:: DATA EXTRACT ::
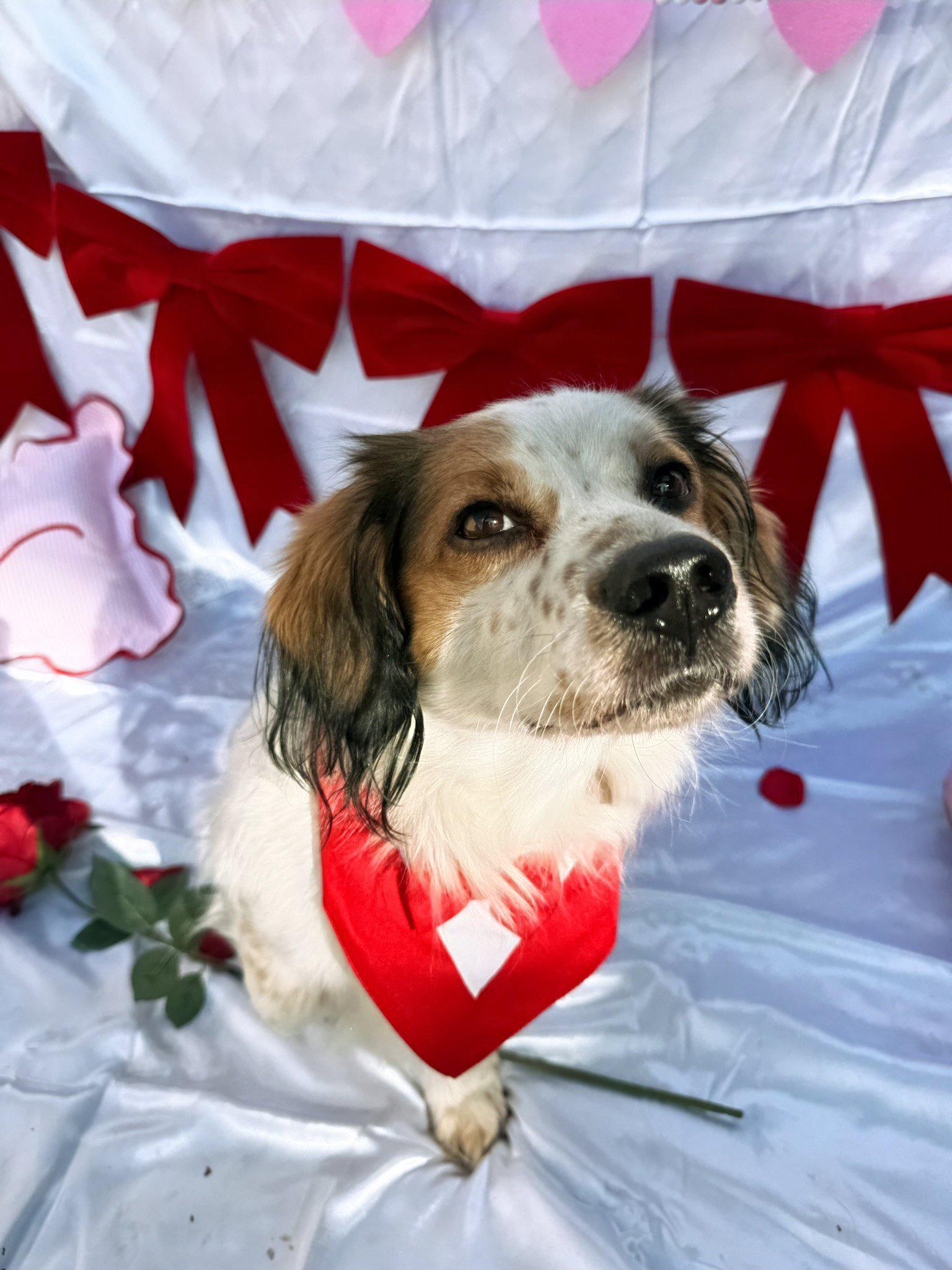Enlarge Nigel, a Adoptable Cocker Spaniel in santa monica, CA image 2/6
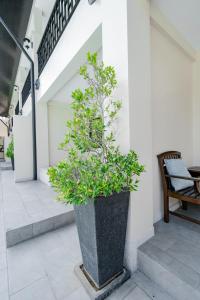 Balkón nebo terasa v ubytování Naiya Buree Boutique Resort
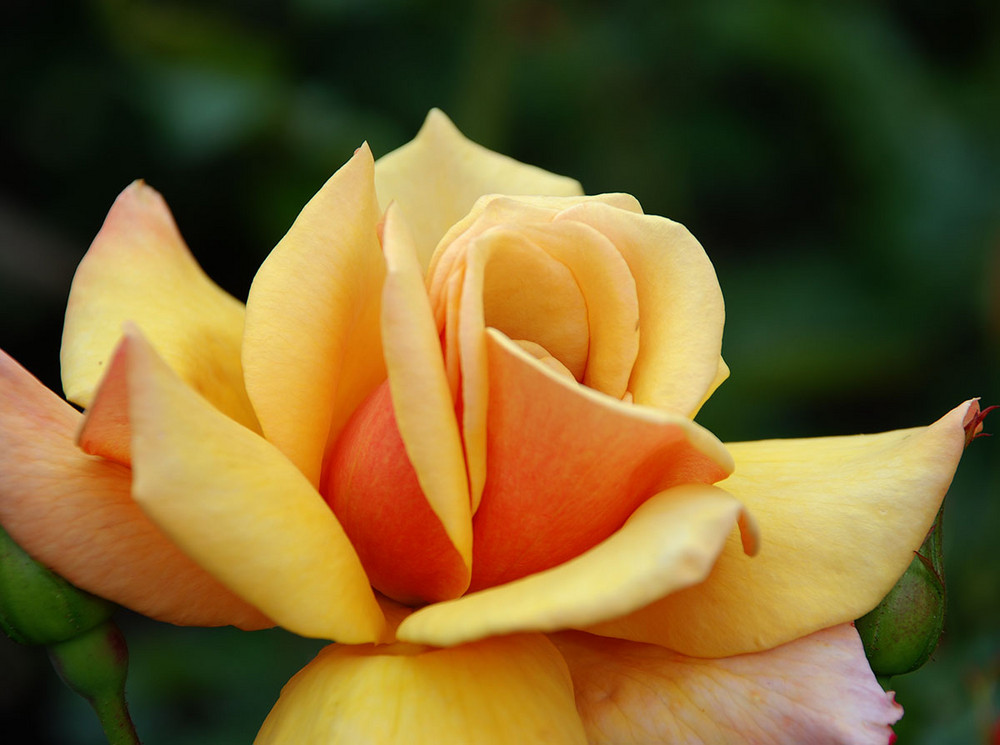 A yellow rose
:::
*REQUIRED ACTION:*
Nothing but the lines from the line containing "Balkón nebo terasa" through the last line of the material may be output, and they must be copied exactly, without pictures.

*EXERCISE RESPONSE:*
 Balkón nebo terasa v ubytování Naiya Buree Boutique Resort
 A yellow rose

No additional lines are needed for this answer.